Monday, Sep. 16, 1940

Death of a Hero

Little Jose Felix Estigarribia was bom of a family that had been rich and powerful in Asuncion for generations. As a boy he wanted to be an agricultural expert, but finally decided on the Army. So brilliant was his work at the Asuncion Military Academy that he won a scholarship in the Chilean Army, later went to Europe where he boned up on French tactics at the Ecole Superieure de Guerre. Soon after his return to Paraguay, war broke out with Bolivia. For three years he kept winning promotions in the Chaco jungles, rose to General and Commander in Chief by handing the superior, German-trained Bolivian Army a thorough pasting. When an armistice commission of tne U. S., Argentina, Brazil, Chile, Uruguay and Peru broke the deadlock in 1935, Jose Felix Estigarribia won for Paraguay, on paper, more territory than it had ever held before.

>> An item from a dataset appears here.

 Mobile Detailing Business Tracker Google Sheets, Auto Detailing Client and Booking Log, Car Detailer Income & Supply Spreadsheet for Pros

His role of conquering hero lasted only until a mild revolution sent him hustling into exile. Next year another revolt brought him back, sent him to Washington as Minister from Paraguay. Last year he stepped into his nation's top office, six months after his inauguration proclaimed himself Dictator. This summer he resumed the democratic mantle, swore allegiance to a new constitution he had drawn up.

One day last week, at the peak of his career, handsome, laconic, 52-year-old Jose Felix Estigarribia, soldier, diplomat, statesman, boarded a plane with his wife in Asuncion for a holiday at his country home on Lake Ypacaray. Somewhere between Altos and San Bernardino, 65 miles east of the capital, the pilot ran into fog and crashed.